Thursday, December 20, 2012

A Peaceable Kingdom, On Pilgrimage in Rioja, Spain



I recall one day of walking the Way of Saint James, the Camino. When I got to Nájera, just west of Logroño in the Rioja wine region of northern Spain, it was an overcast day and I was hungry. But first, before it closed at midday, I wanted to visit the place of legend and myth that put Nájera on the map, and probably made it one of the important stops on the pilgrimage, the cave where Mary and Jesus appeared with two birds in AD 1044.

I walked toward the  red sandstone cliff that guards one side of this riverside town, where I knew I would find the Monasterio de Santa María la Real embedded into the natural stone wall. I reviewed the details of the legend in my head as I walked, wanting to retrace events as they are described.

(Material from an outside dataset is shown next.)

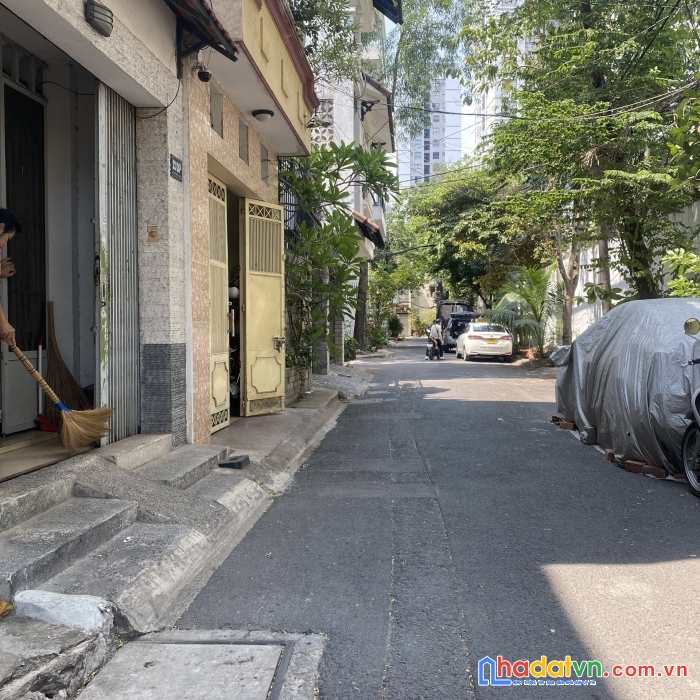 Chính chủ cần bán gấp nhà nguyên căn mặt đường yên thế, p2, tân bình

It goes like this. One day in AD 1044, the Navarrese King García III was out riding and hunting with his falcon. The falcon suddenly flew after a partridge and both birds disappeared into a thick growth of trees.

The king dismounted and went into the trees to see what had happened to them. He found himself standing in front of a hidden cave. More unusual, an ethereal light poured out. He entered the cave and followed the light. At its source, he saw the falcon and the partridge sitting peacefully on either side of Mary, with the baby Jesus seated on her lap. In front of the celestial pair were lilies and a bell. 


King García never forgot this stunning vision and in AD 1056 he founded the monastery of Santa María la Real around and incorporating the cave. Today when you visit, you can visit the cave by passing through the church to the back wall that is still the natural cave.

The original cave was most likely carved out of the soft stone around the 3rd century, both for living as well as for defense. It was then forgotten, overgrown by forest and hidden, until that fateful day with the clever falcon in the 11th century.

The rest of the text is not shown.